Reebok, once a broad force in the U.S. footwear market, is trying to start over by returning to its niche roots.
The brand, which has seen its sales and profile evaporate since being sold to Adidas for $3.8 billion in 2005, is hoping a series of major initiatives in women’s fitness — the category that brought it prominence in the U.S. in the 1980s — can help it spark a comeback. Those initiatives include a workout regiment co-branded with Cirque du Soleil, dubbed Jukari, which it hopes will catch on with the same fervor as its step-aerobics platform did in 1989. The company also plans significant marketing investments behind two new women’s fitness shoe lines.

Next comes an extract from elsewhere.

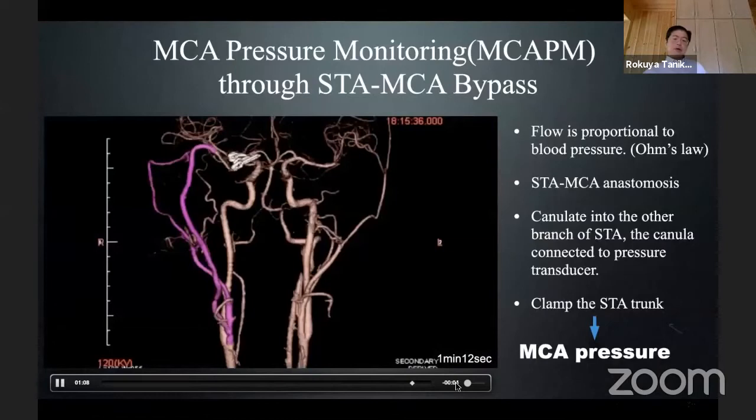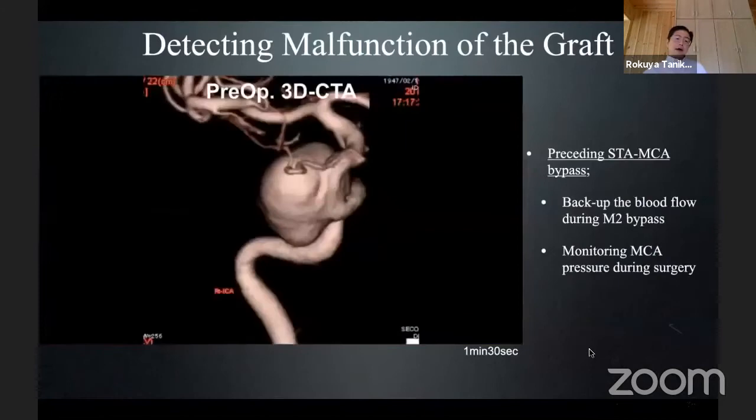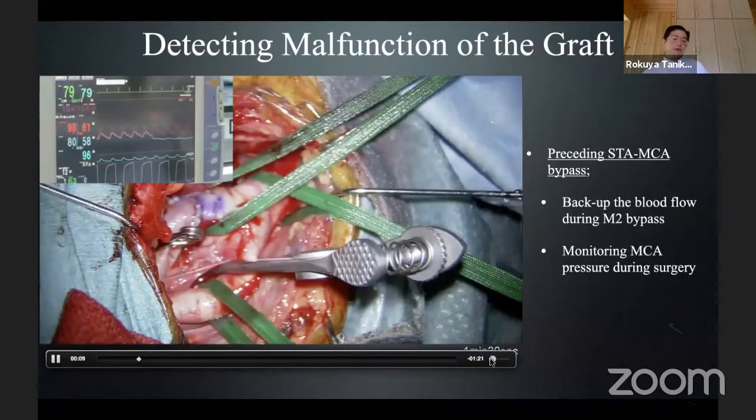ICG shows good condition as well. This is an example of MCA pressure monitoring through STA-MCA bypass by clamping the STA trunk. Now I will show you an example of malfunction of a bypass graft under MCA pressure monitoring.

The push behind Jukari — which will offer high-flying aerobics classes featuring ceiling-mounted, bungeed trapeze swings — and the new women’s fitness shoes may allay concerns by retailers worried about corporate support. But analysts wonder whether the brand has simply lost relevance with its core female consumers, who have been courted aggressively by Nike, Under Armour and others.
Jukari Fit to Fly
JUKARI Fit to Fly fuses the creative and artistic world of Cirque du Soleil with the fitness expertise of Reebok. The name comes for a word dialect meaning “to play”. Participants flex and flutter, sweat and stretch, and swing from a FlySet. It’s all about moving your body in a fun new ways.
The new gym experience launches this month in Germany, Korean, Malaysia and Poland and later in Argentina, Canada, Chile, Hong Kong, Spain, UK and USA.
What do you think? Can Reebok (with the help of le Cirque) make a comeback?